Medicine cabinets around the South Sound are full of unneeded and expired prescription drugs. They can harm the environment, fuel serious addiction and fool children into accidental overdoses. Last year alone, more than 1,500 Pierce County kids under age 6 came in contact with or were poisoned by unsecured medicine at home, according to the Washington Poison Center.
The bottles of prescription painkillers on the shelf next to the shaving cream are the most dangerously overused drugs of all. More than 800,000 prescriptions for opioids were issued locally in 2015, according to health officials; that’s nearly enough for each of the county’s 844,000 residents.

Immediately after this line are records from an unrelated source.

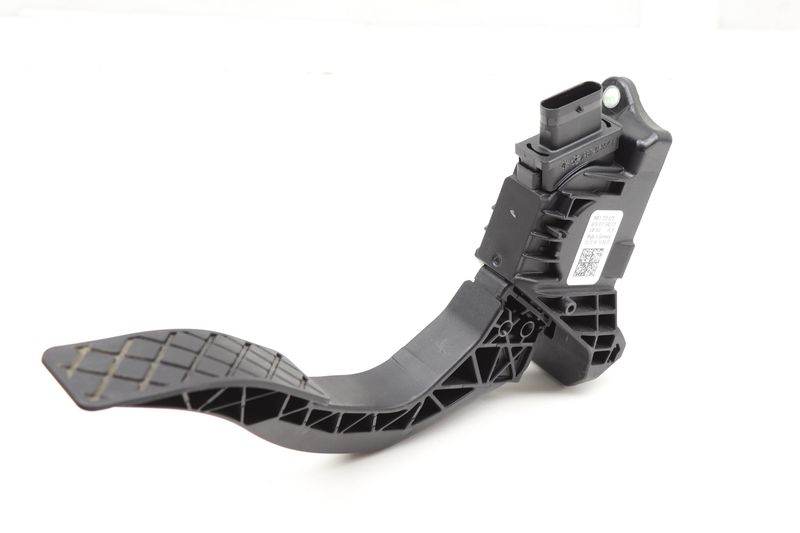 Gas Pedal / Accelerator Module 8W1723523 — Used (SKU 574324)
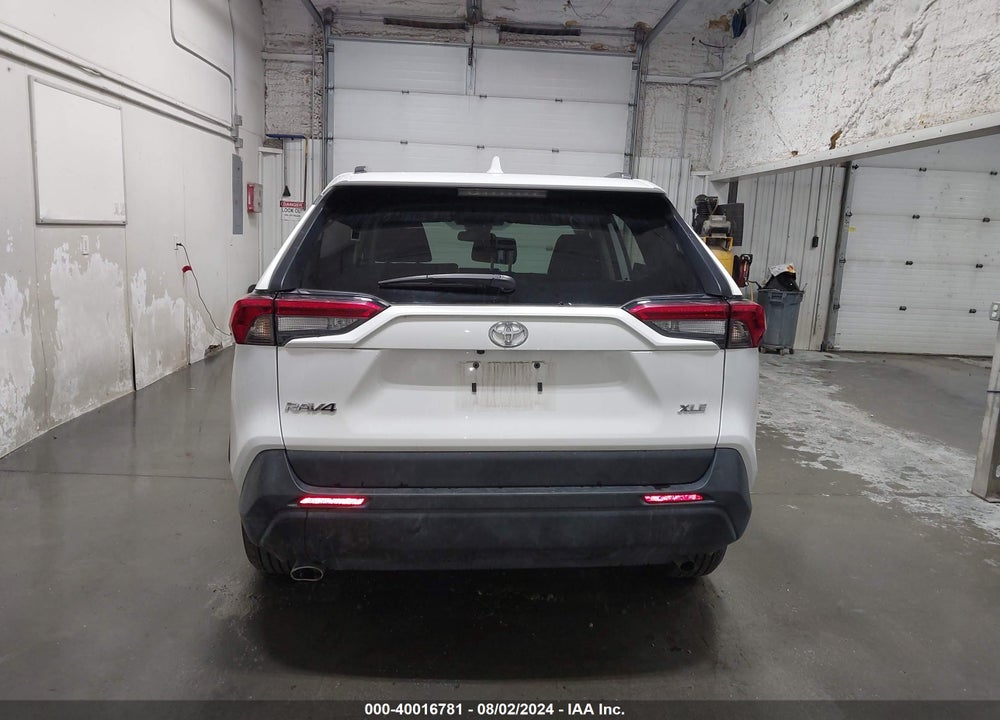2023 TOYOTA RAV4 XLE VIN: 2T3W1RFV8PW271733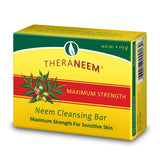 Thera Neem uso en ducha: limpia y nutre con aceites orgánicos.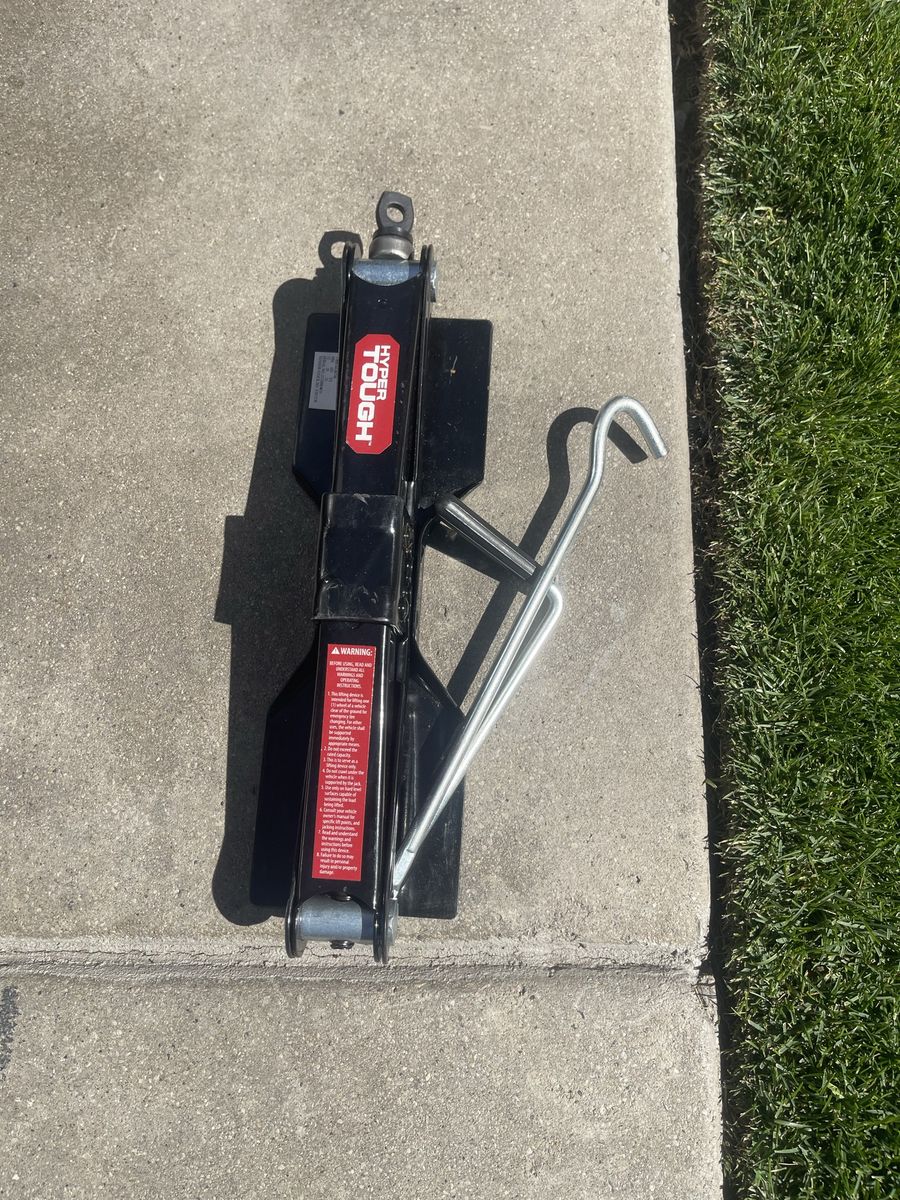 Car jack for spare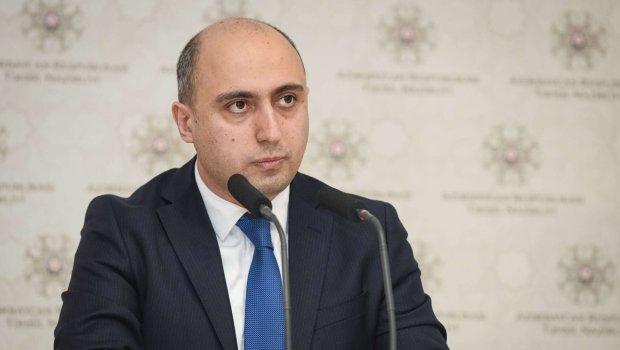 &ldquo;Müəllimlərin növbəti sertifikatlaşmada iştirakı üçün motivasiya olmalıdır&rdquo; - Emin Əmrullayev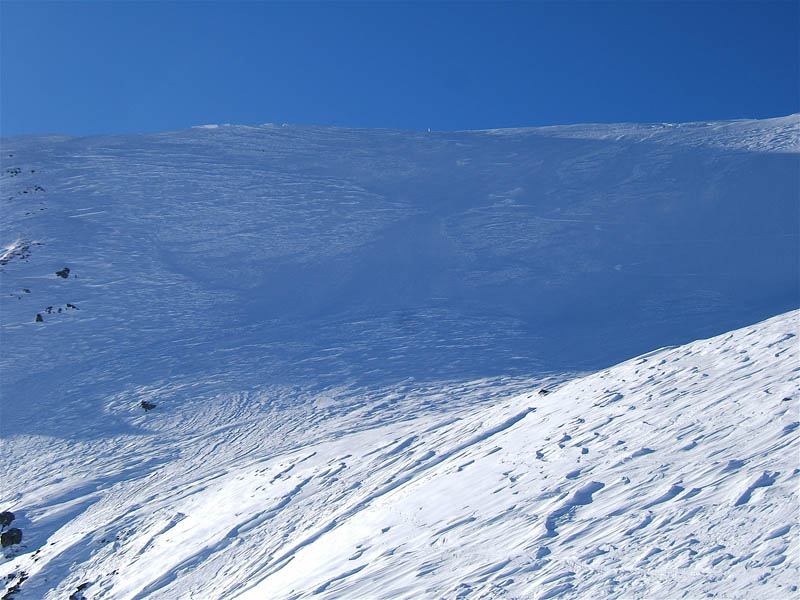 Mt Pépoiri : Pente sommitale coté E., on voie bien le travail du vent.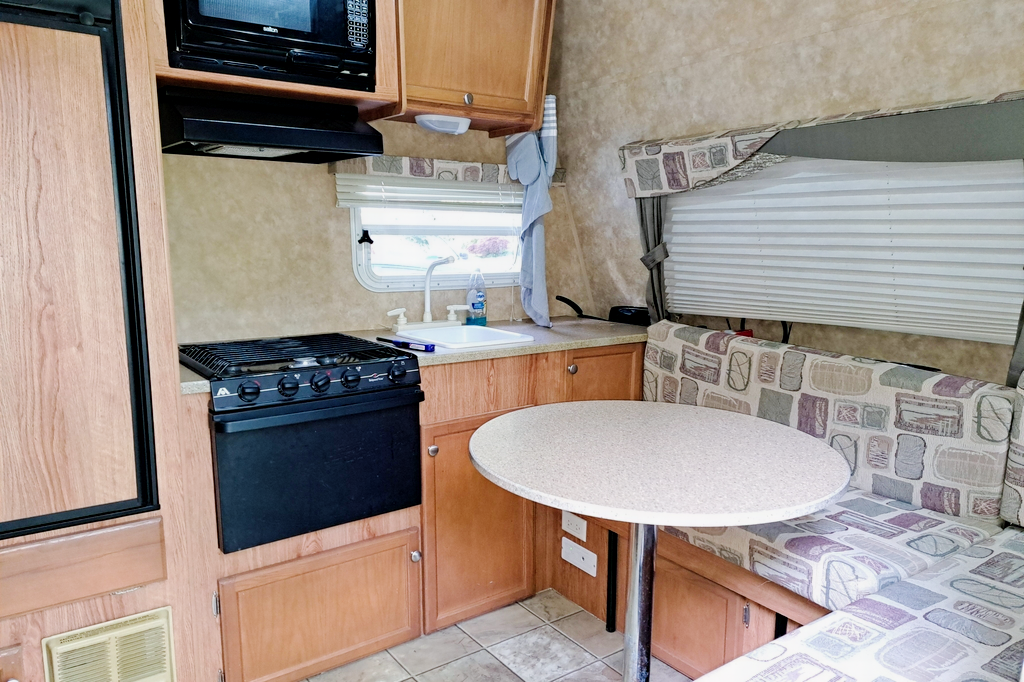 tom's Jayco Jay Feather Sport Travel Trailer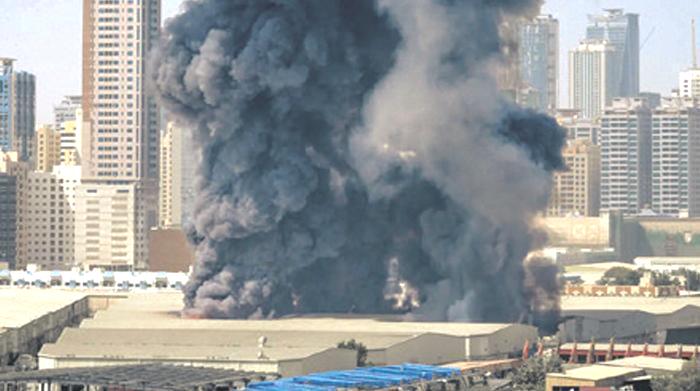 Patlamalar altında sanata mola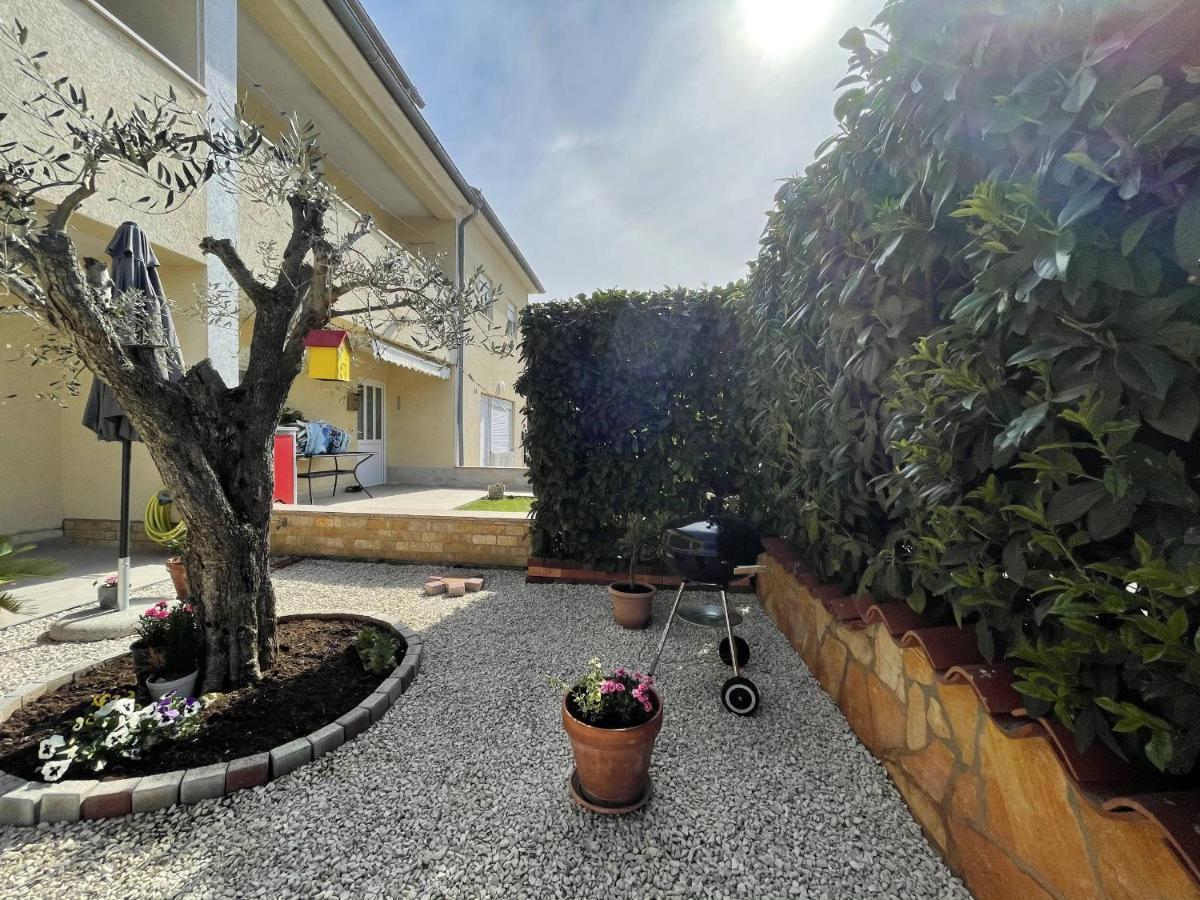Apartment Malu Pula Bagian luar foto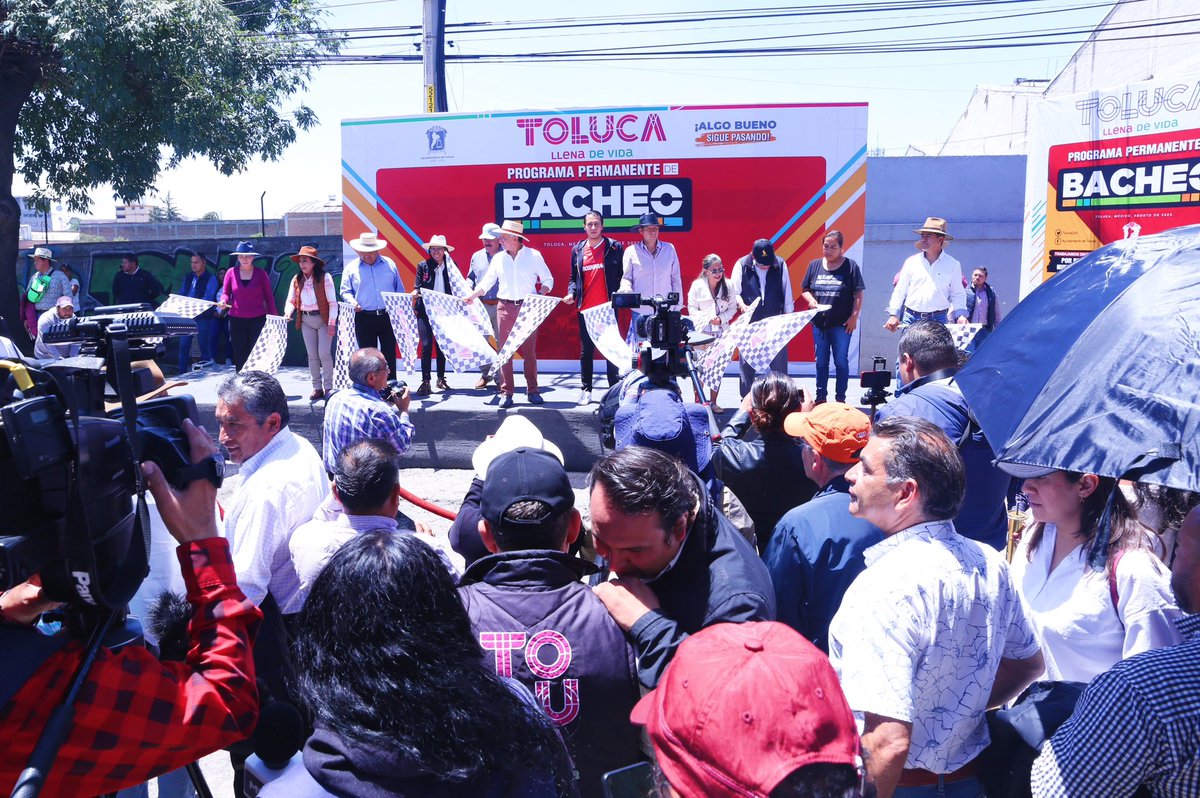 RaymundoMC's tweet photo. Comenzamos la semana dando el banderazo de inicio a la segunda fase del programa de bacheo en la calle 1° de Mayo en la Colonia Independencia. También, revisamos los trabajos en la calle 12 de Mayo en el Seminario 2 de Marzo y la Calle 5 de Mayo en San Lorenzo Tepaltitlán para garantizar que el bacheo se realiza de acuerdo con los estándares de calidad.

The extent to which opioid and heroin have become a twin American drug epidemic was underscored Wednesday, when the White House drug czar renewed a call for $1.1 billion in treatment funding that President Obama requested in his budget this year.
Treatment is absolutely critical for people already in the throes of substance abuse. But removing drugs from a person’s easy grasp before addiction spirals out of control costs much less in the long run.
If the health board votes yes, Pierce will join King and Snohomish counties in launching new and improved disposal programs. (Kitsap County is not far behind.) The movement was made possible by a 2014 federal Drug Enforcement Administration rule that authorizes pharmacies, hospitals, drug treatment programs, police agencies and long-term care facilities to take custody of controlled and non-controlled medicines.
Drug companies, predictably, think this is an undue burden and oppose picking up the tab. But local police, doctors, environmental, municipal and drug treatment leaders have voiced support for the health department. Most pharmacies said they would promote the program, even if they don’t have a drop box on-site; they say customers often ask where to discard old drugs.
Fortunately, there’s a growing public awareness that flushing pills down the toilet is bad for the environment; scientists have detected unexpectedly high levels of drugs in Puget Sound waters, fish and other aquatic life. The same goes for dumping medications in the trash; the chemicals can leach out of landfills.
But a standardized, industry-funded disposal program will result in tens of thousands more pounds of nonessential, unwanted and addictive drugs going to their final resting place — signed, sealed and delivered, into an incinerator.
Just think of the extra space you’ll have in your medicine cabinet.